Elaboration d’une loi sur l’intelligence artificielle
Thomas Schneider, vice-directeur de l’Office fédéral de la communication (OFCOM), a déclaré en juin 2023 à «Swissinfo» que la Suisse, comme de nombreux autres pays, attendait que l’UE travaille sur le projet de loi nommé «Artificial Intelligence Act» (AI Act). Le 9 décembre 2023, le Parlement et le Conseil de l’Union européenne ont conclu un accord préliminaire sur cette loi relative à l’IA, la plus complète au monde (www.artificialintelligenceact.eu). Mi-janvier, son contenu a été publié de ­manière non autorisée, révélant que l’UE réglementera ou interdira principalement certaines applications à risque telles que la reconnaissance faciale biométrique automatisée. Le texte de loi doit encore être formellement accepté par les parties négociantes [Etat au 25.01.2024]. La Suisse devrait aligner sa propre législation sur l’AI Act. Selon Thomas Schneider, cela ne devrait pas aboutir à une loi spécifique sur l’IA, mais à des réglementations individuelles comblant les lacunes en matière de protection contre la discrimination et de droit d’auteur, entre autres. Jusqu’à présent, la Suisse n’évolue pas dans un vide juridique: les lois existantes, à commencer par la Constitution et la protection des droits fondamentaux, s’appliquent aussi à l’IA.

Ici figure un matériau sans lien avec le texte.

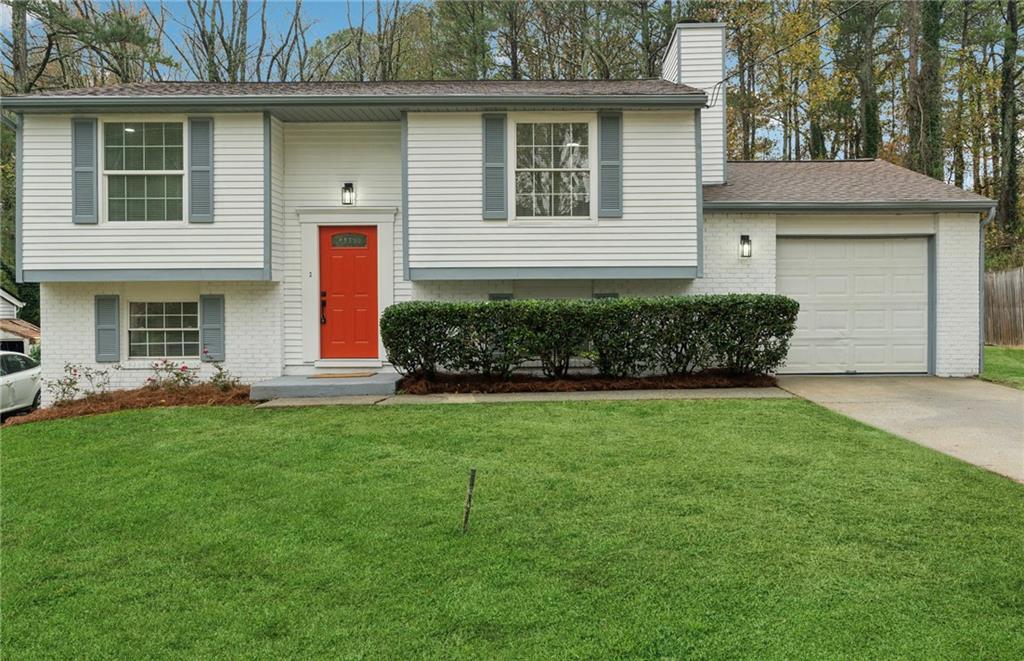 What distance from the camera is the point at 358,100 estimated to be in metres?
9.17

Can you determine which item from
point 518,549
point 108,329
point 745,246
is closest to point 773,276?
point 745,246

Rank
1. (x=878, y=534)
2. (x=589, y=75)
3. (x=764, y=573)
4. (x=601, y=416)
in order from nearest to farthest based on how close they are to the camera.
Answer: (x=764, y=573), (x=878, y=534), (x=601, y=416), (x=589, y=75)

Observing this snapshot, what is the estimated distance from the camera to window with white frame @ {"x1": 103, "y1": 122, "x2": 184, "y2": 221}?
365 inches

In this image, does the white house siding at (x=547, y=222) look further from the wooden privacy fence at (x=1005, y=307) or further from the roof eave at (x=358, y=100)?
the wooden privacy fence at (x=1005, y=307)

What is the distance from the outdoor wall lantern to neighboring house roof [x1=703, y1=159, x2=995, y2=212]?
0.43m

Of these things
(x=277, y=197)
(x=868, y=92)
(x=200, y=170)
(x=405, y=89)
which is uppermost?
(x=868, y=92)

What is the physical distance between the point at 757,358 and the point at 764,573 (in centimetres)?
606

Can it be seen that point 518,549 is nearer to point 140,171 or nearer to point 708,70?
point 140,171

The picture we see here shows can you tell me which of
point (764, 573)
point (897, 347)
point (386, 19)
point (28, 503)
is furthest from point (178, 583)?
point (386, 19)

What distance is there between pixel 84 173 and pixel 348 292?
401cm

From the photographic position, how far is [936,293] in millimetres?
9930

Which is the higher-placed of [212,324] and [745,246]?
[745,246]

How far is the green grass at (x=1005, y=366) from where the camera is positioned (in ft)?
30.7

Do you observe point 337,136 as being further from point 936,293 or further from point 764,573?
point 936,293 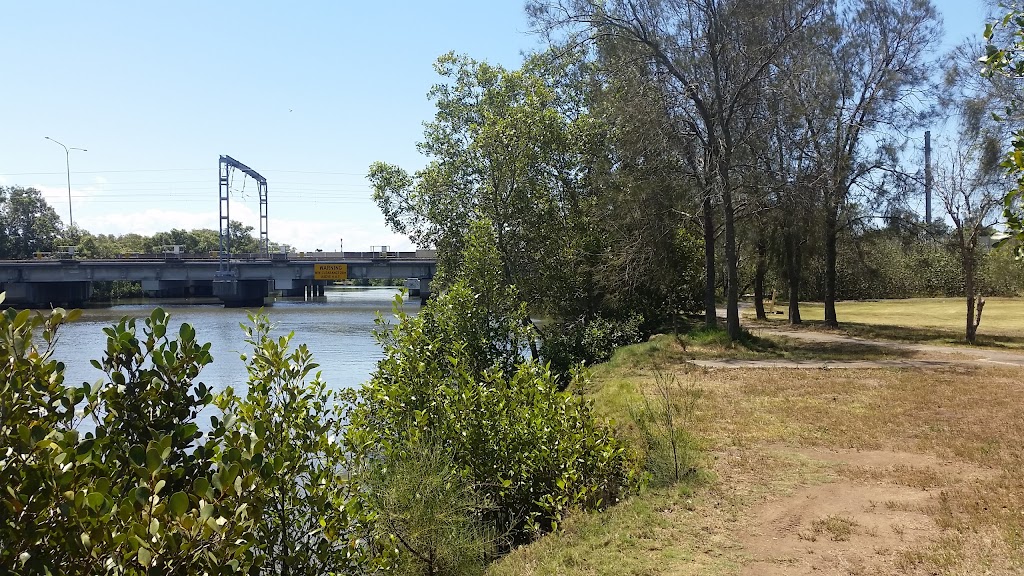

Les nouvelles technologies n’ont aucune chance si les professionnels ne les adoptent pas.

Stephan Sigrist

Fondateur du Think Thank W.I.R.E.

  • Bureaucratie et administration: Diverses enquêtes montrent que les établissements de santé espèrent en premier lieu que l’IA leur permettra d’améliorer l’efficacité de leurs processus opérationnels. «Les technologies actuelles comprennent de plus en plus le langage humain, y compris les dialectes. Une ­tablette peut donc enregistrer ce que dit une infirmière et mettre à jour la documentation des soins de manière autonome. De telles fonctionnalités facilitent considérablement les tâches administratives pour les soignants», explique Stephan Sigrist.
  • Planification des soins: «L’IA peut aisément formuler des recommandations pour des mesures thérapeutiques sur la base de données de santé», rapporte le futurologue.
  • Métier des soins: Grâce à l’IA, les robots peuvent par exemple divertir les personnes seules ou fournir des services de livraison et de réception pour les soignants («voir article Les robots comme assistants de soins et de prise en charge»). Et des outils tels que des programmes informatiques permettent aux soignants d’obtenir des conseils en temps réel («voir article Des offres d’IA pour les (futurs) soins à domicile»). «Ainsi, les soignants disposent en quelque sorte d’un copilote avec lequel ils travaillent de manière plus sûre et plus rapide. Ce ­copilote exprime ou écrit des recommandations d’action pendant les soins ou communique aux soignants des informations importantes comme les allergies d’un client», selon Stephan Sigrist.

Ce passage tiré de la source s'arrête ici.